18 May 12 15:36 by in category Blu-ray writers & players

Dolby Laboratories has announced that it has developed 96KHz upsampling  for mastering Blu-ray discs with Dolby TrueHD soundtracks. The technology, called by its fullname: Dolby TrueHD Advanced 96k Upsampling technology is compatible with current Blu-ray players and studio’s using it can improve the quality of PCM audio before lossless Dolby TrueHD encoding is done.

Besides the upsampling part, the technology also introduces a filter that works against the preringing effect, a side-effect that comes with analog/digital conversion and which is masked by the filter. The algorithms used in this technology are developed by the company Meridian.

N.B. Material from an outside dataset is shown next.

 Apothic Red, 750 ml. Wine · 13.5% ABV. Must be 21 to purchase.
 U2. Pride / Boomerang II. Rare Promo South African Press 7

This company first implemented the technology in a reference CD player, but now the CPU intensive sampling moves from the actual end product to the post processing part of the development of Blu-ray content.

5 Comments on Dolby takes Blu-ray sound to the next level

CDan
Posts: 3913
Posted on: 18 May 12 17:29
Smoke and mirrors.
olddancer
Posts: 285
Posted on: 18 May 12 23:20
Until the soundtracks are recorded at at least 192kbs, who cares?
96kbs is still crap.
ivid
Posts: 723
Posted on: 18 May 12 23:44
You are totally misunderstanding. This is the sampling rate not the bitrate of the media.

Dolby True HD bitrates can be up to 18 Mbps (which is same as uncompressed). That's Megabits. Not petty kbps like an MP3 file.

Its not smoke and mirrors this is Dolby labs were talking about. Uncompressed & lossless audio formats are a big deal if you have the equipment for it (its obviously a niche thing).
paulw2
Posts: 312
Posted on: 19 May 12 01:44
Dolby True HD ?? I think I have only 1 movie with this sound on. The default sound these days seems to be DTS MA which is interesting as in the days of DVD (remember those?) it was the other way around..
CDan
Posts: 3913
Posted on: 19 May 12 05:33
Quote:
Originally Posted by ivid View Post
You are totally misunderstanding. This is the sampling rate not the bitrate of the media.

Dolby True HD bitrates can be up to 18 Mbps (which is same as uncompressed). That's Megabits. Not petty kbps like an MP3 file.

Its not smoke and mirrors this is Dolby labs were talking about. Uncompressed & lossless audio formats are a big deal if you have the equipment for it (its obviously a niche thing).
The article is about upsampling audio to 96KHz sample rates. Presumably referring to upsampling 48KHz to 96 in the authoring stage. Completely useless and adds nothing to audio quality. All it does is let the studio claim to have 96KHz audio on their titles. If the audio was originally created at 96KHz, it wouldn't need this process.

Dolby THD at 24/96KHz and even 24/192 already exists, although it's rare. But it wasn't manufactured using some fake upsampling gimmick.